++++ DATASET CONTENT

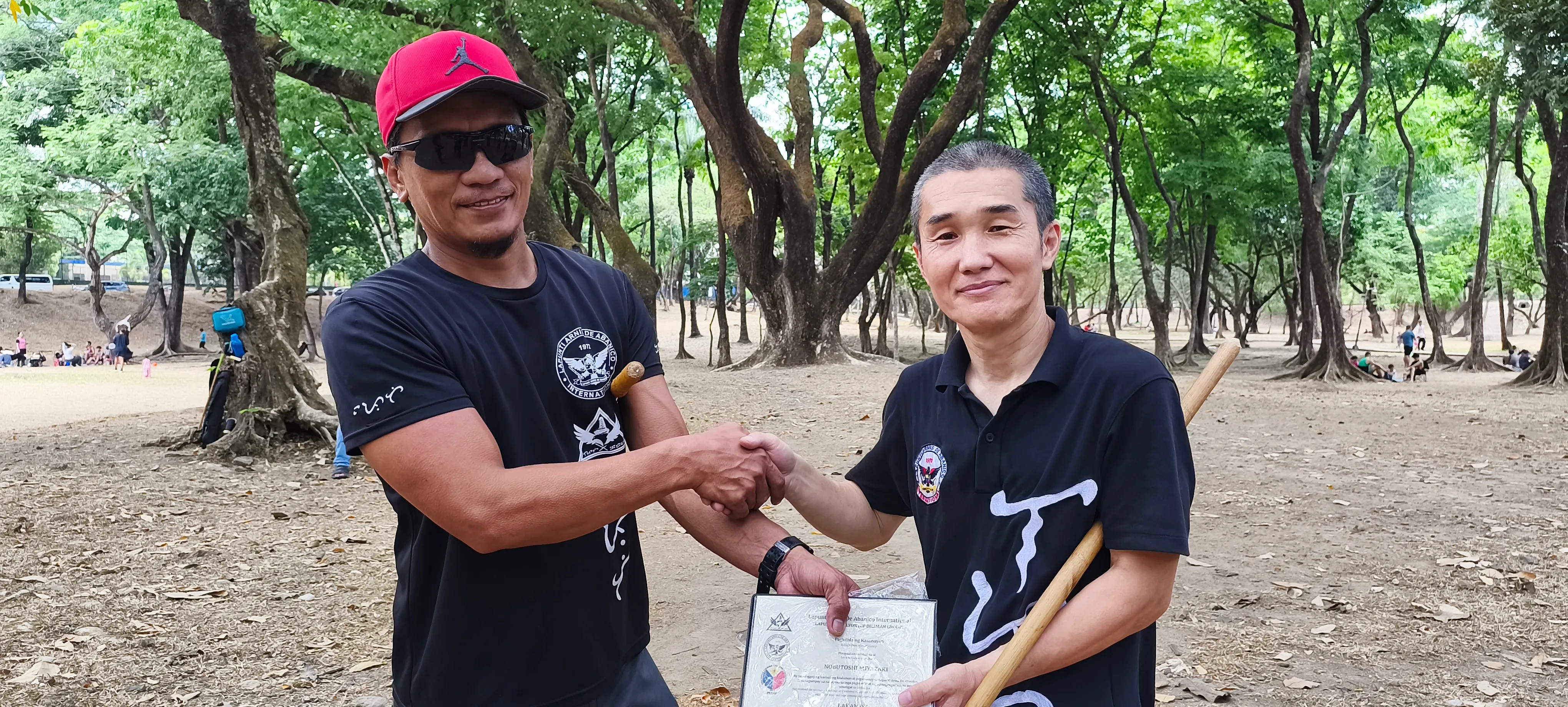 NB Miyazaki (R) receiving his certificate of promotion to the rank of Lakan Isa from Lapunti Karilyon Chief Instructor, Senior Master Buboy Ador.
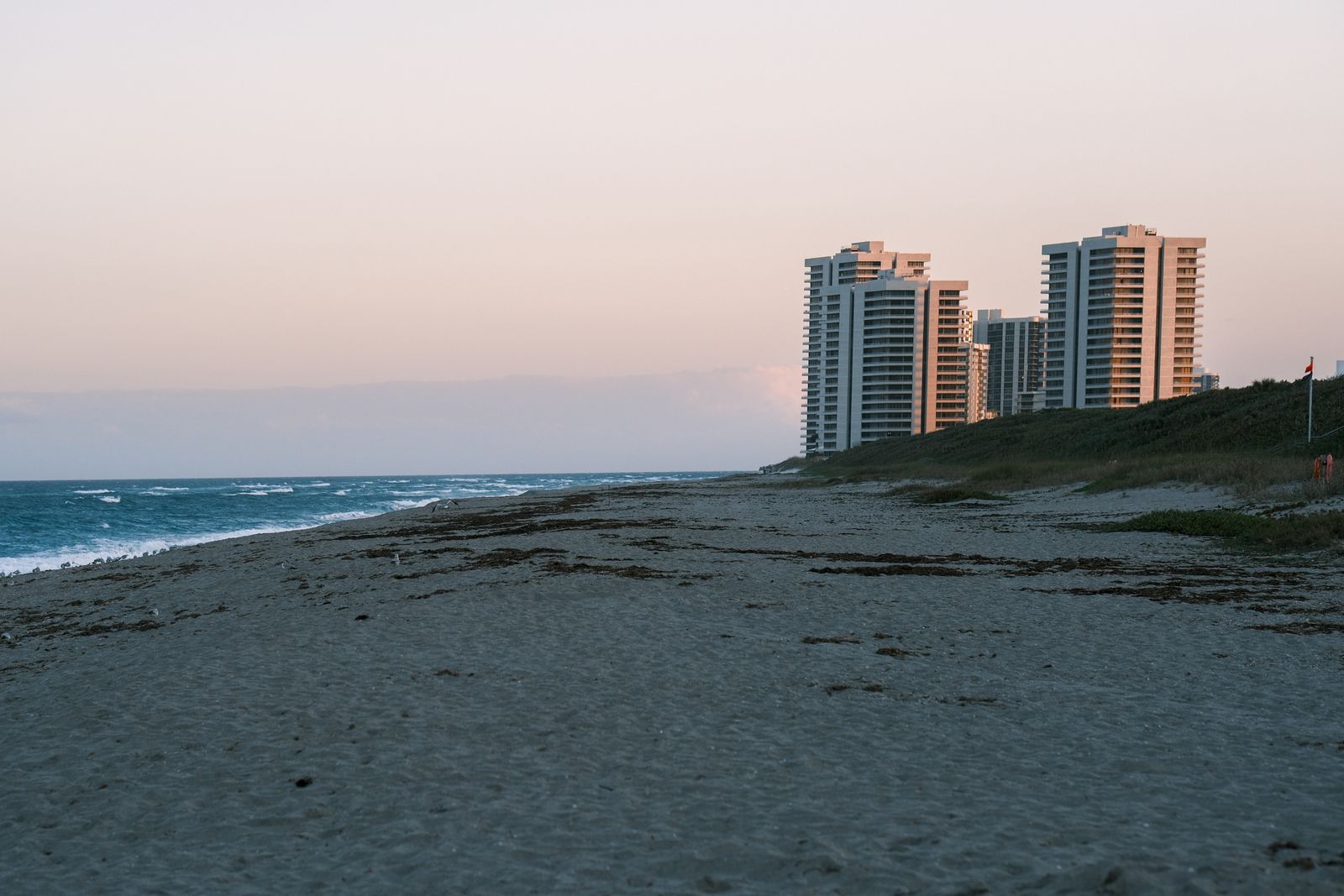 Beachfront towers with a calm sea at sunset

++++++++
++++ DATASET CONTENT

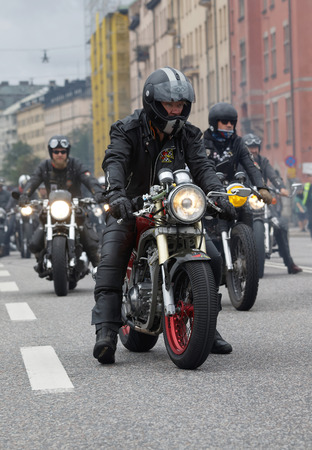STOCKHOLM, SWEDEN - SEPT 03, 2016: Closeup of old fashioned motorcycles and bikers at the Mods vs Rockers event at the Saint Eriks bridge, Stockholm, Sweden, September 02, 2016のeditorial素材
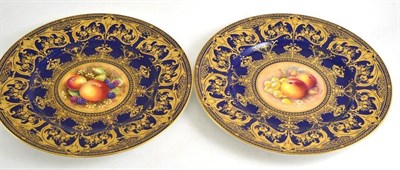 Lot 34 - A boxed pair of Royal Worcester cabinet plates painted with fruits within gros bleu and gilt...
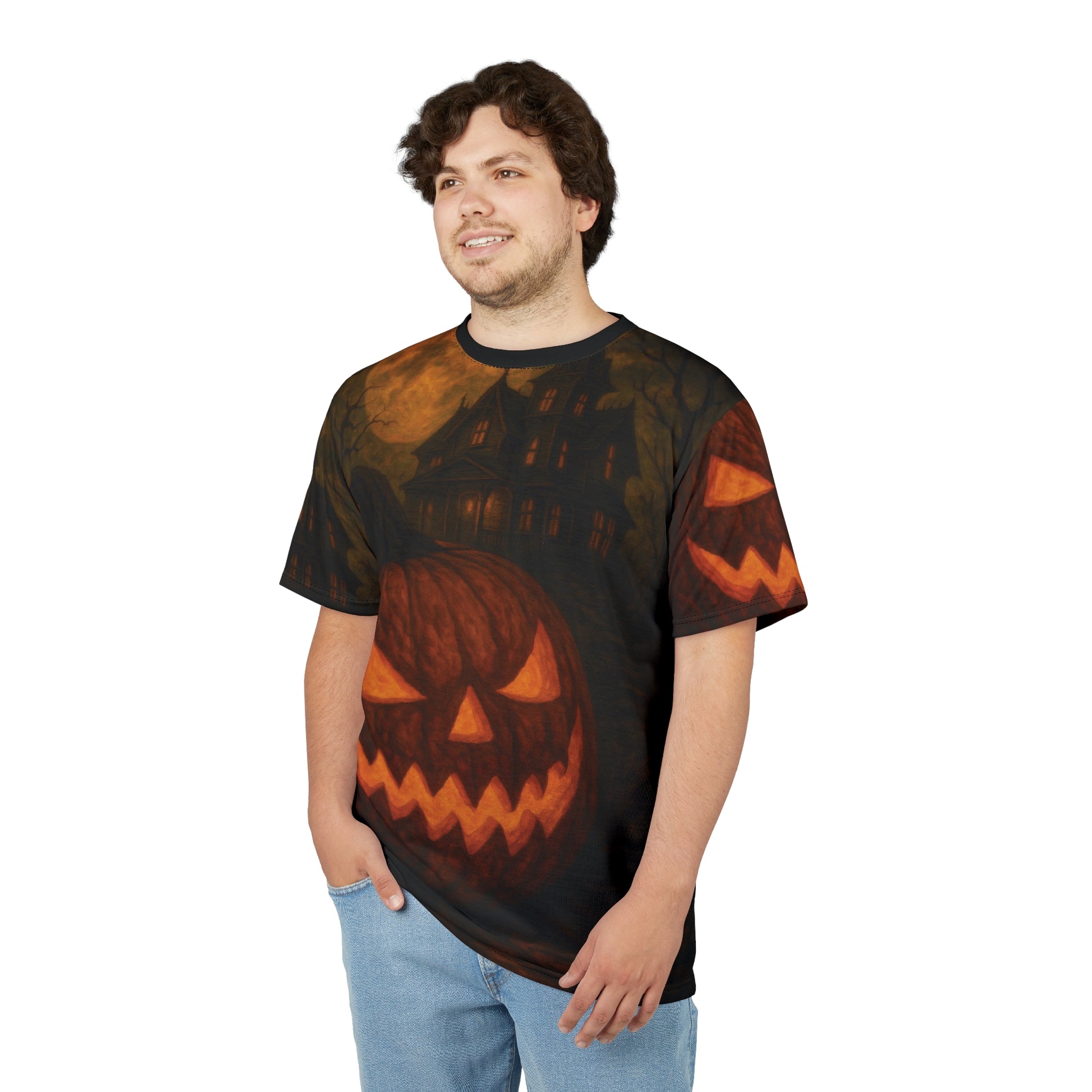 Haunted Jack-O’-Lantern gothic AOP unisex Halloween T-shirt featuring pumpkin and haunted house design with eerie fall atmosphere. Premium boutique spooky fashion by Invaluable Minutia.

++++++++

WORK REQUEST.
Would you output the lines above from the line holding "NB Miyazaki (R)" up to and including the line holding "Beachfront towers with a calm sea at sunset", exactly and only those, with no pictures?

RESULT OF THIS EXERCISE.
 NB Miyazaki (R) receiving his certificate of promotion to the rank of Lakan Isa from Lapunti Karilyon Chief Instructor, Senior Master Buboy Ador.
 Beachfront towers with a calm sea at sunset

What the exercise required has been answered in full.